### Your task
Copy each line of the records below that has "iPhone" in it.

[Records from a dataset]
*** Block opens ***

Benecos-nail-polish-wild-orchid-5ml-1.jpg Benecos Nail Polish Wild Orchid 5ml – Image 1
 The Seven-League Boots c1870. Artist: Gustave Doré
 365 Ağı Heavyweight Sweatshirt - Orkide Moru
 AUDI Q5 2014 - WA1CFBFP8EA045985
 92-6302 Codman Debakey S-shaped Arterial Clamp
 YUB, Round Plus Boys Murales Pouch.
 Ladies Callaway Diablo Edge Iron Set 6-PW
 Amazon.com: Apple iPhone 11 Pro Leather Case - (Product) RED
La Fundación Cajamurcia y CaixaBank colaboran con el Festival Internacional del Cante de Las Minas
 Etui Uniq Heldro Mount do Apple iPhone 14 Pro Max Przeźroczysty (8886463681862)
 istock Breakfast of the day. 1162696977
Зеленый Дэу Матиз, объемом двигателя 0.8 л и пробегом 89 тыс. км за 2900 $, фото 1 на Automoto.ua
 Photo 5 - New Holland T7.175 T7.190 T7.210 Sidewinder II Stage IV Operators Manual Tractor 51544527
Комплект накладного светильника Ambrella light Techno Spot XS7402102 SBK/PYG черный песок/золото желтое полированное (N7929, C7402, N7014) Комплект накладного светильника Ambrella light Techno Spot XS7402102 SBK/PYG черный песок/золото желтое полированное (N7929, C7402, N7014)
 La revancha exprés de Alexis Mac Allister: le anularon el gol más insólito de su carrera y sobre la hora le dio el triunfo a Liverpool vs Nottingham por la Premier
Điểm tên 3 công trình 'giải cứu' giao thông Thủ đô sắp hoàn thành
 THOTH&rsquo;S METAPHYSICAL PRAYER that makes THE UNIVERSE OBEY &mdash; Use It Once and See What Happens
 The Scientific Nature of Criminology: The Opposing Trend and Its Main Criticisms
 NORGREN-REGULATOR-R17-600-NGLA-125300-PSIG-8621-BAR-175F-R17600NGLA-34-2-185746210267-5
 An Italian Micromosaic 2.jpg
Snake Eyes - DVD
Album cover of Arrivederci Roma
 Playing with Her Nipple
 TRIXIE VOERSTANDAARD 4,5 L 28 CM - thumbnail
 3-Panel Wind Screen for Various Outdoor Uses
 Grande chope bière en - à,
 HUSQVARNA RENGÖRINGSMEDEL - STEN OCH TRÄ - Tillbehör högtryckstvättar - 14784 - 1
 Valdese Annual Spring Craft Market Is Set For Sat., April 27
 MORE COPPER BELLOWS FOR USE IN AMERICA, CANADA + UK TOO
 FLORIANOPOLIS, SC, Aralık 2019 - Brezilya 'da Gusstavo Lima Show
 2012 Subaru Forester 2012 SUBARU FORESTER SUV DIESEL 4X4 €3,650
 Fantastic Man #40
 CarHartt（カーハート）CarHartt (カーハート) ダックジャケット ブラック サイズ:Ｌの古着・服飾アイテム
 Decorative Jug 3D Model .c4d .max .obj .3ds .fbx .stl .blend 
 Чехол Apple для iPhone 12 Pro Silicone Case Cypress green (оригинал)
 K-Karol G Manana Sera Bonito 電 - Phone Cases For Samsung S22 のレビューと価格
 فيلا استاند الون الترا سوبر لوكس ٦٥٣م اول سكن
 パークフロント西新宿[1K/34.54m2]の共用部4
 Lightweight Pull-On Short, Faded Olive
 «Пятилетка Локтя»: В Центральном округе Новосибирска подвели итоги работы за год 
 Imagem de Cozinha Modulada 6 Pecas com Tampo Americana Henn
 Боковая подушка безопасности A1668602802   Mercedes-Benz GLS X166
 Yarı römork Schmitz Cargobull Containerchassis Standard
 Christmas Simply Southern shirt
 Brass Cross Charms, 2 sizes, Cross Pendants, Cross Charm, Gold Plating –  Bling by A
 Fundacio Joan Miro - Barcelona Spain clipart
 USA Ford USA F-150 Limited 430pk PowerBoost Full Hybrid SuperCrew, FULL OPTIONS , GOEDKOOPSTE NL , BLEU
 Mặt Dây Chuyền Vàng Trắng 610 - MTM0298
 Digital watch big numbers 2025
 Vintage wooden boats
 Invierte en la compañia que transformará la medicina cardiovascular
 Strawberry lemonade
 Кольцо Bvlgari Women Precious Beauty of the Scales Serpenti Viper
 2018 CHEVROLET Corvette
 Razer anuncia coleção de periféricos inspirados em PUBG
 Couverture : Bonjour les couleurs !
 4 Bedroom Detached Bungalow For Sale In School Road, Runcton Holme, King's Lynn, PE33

*** Block closes ***

### Reply to the exercise
 Amazon.com: Apple iPhone 11 Pro Leather Case - (Product) RED
 Etui Uniq Heldro Mount do Apple iPhone 14 Pro Max Przeźroczysty (8886463681862)
 Чехол Apple для iPhone 12 Pro Silicone Case Cypress green (оригинал)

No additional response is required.